HOW TO COMPLETE THIS TASK:
The required output is the exact run of lines below that opens at the line with "photo de SPANNUNGSREGLER" and closes at the line with "разрешение 3840x2400 Загрузить".
'''
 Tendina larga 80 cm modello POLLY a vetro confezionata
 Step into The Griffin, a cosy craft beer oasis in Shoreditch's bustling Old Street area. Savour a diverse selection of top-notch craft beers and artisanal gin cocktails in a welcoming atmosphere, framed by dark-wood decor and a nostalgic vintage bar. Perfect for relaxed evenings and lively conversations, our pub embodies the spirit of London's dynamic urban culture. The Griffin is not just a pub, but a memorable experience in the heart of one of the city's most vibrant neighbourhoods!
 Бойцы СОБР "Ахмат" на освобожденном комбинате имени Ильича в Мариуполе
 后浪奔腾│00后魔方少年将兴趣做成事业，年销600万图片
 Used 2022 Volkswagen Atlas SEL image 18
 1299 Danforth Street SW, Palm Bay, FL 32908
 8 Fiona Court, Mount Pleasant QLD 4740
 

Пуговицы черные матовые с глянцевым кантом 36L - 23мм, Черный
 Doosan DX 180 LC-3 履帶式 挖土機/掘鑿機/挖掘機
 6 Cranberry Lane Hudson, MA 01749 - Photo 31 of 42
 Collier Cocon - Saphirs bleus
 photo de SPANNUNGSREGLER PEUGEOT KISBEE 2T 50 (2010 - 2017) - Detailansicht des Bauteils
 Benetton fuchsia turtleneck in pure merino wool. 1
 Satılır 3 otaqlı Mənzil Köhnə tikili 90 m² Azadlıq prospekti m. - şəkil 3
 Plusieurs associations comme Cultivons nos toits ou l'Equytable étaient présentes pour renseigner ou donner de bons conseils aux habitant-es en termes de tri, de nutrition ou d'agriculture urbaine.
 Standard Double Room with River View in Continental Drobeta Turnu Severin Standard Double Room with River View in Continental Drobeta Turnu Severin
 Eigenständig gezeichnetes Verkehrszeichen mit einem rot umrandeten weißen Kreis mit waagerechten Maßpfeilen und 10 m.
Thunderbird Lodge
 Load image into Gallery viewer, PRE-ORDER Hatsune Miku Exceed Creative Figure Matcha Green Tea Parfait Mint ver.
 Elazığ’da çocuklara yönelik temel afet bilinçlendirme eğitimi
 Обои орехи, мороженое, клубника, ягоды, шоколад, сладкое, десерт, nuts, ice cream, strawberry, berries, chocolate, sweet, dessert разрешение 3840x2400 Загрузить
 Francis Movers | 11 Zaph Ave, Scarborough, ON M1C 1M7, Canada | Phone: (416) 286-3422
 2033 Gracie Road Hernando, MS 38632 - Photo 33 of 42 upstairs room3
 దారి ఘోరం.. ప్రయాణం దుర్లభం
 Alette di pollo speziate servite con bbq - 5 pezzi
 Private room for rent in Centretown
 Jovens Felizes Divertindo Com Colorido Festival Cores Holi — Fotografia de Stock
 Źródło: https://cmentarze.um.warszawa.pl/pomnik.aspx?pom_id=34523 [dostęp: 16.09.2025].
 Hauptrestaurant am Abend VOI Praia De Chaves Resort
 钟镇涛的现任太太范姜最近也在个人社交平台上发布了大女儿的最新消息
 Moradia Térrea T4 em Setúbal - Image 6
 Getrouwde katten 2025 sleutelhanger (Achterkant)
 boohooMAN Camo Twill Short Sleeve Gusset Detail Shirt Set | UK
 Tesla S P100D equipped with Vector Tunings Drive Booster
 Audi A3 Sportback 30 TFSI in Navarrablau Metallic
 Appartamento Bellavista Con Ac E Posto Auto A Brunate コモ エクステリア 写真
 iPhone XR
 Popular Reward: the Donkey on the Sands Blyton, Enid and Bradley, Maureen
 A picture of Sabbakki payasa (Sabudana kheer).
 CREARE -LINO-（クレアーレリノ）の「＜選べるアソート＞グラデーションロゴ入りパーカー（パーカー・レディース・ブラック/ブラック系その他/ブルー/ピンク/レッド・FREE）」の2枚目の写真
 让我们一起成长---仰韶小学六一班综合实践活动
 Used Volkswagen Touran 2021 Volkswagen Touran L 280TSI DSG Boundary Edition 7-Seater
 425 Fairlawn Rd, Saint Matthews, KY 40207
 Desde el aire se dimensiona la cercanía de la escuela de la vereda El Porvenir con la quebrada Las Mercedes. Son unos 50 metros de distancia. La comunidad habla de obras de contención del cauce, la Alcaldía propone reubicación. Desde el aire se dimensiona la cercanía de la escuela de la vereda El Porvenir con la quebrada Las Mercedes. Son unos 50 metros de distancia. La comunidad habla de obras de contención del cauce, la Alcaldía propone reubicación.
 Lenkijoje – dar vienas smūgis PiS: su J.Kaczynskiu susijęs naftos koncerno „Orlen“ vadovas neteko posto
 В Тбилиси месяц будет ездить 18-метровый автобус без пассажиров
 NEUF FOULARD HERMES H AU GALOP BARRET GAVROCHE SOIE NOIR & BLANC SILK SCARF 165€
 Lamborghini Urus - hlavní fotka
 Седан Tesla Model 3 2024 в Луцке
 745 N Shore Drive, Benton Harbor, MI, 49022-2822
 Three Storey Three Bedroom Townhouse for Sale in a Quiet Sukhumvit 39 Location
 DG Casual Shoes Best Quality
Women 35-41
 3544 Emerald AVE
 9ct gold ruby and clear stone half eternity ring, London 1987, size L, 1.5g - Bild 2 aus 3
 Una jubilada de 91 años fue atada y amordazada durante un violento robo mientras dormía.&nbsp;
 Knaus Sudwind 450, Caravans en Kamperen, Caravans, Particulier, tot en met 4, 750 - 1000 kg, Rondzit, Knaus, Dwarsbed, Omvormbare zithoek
'''
ANSWER FOR THE TASK:
 photo de SPANNUNGSREGLER PEUGEOT KISBEE 2T 50 (2010 - 2017) - Detailansicht des Bauteils
 Benetton fuchsia turtleneck in pure merino wool. 1
 Satılır 3 otaqlı Mənzil Köhnə tikili 90 m² Azadlıq prospekti m. - şəkil 3
 Plusieurs associations comme Cultivons nos toits ou l'Equytable étaient présentes pour renseigner ou donner de bons conseils aux habitant-es en termes de tri, de nutrition ou d'agriculture urbaine.
 Standard Double Room with River View in Continental Drobeta Turnu Severin Standard Double Room with River View in Continental Drobeta Turnu Severin
 Eigenständig gezeichnetes Verkehrszeichen mit einem rot umrandeten weißen Kreis mit waagerechten Maßpfeilen und 10 m.
Thunderbird Lodge
 Load image into Gallery viewer, PRE-ORDER Hatsune Miku Exceed Creative Figure Matcha Green Tea Parfait Mint ver.
 Elazığ’da çocuklara yönelik temel afet bilinçlendirme eğitimi
 Обои орехи, мороженое, клубника, ягоды, шоколад, сладкое, десерт, nuts, ice cream, strawberry, berries, chocolate, sweet, dessert разрешение 3840x2400 Загрузить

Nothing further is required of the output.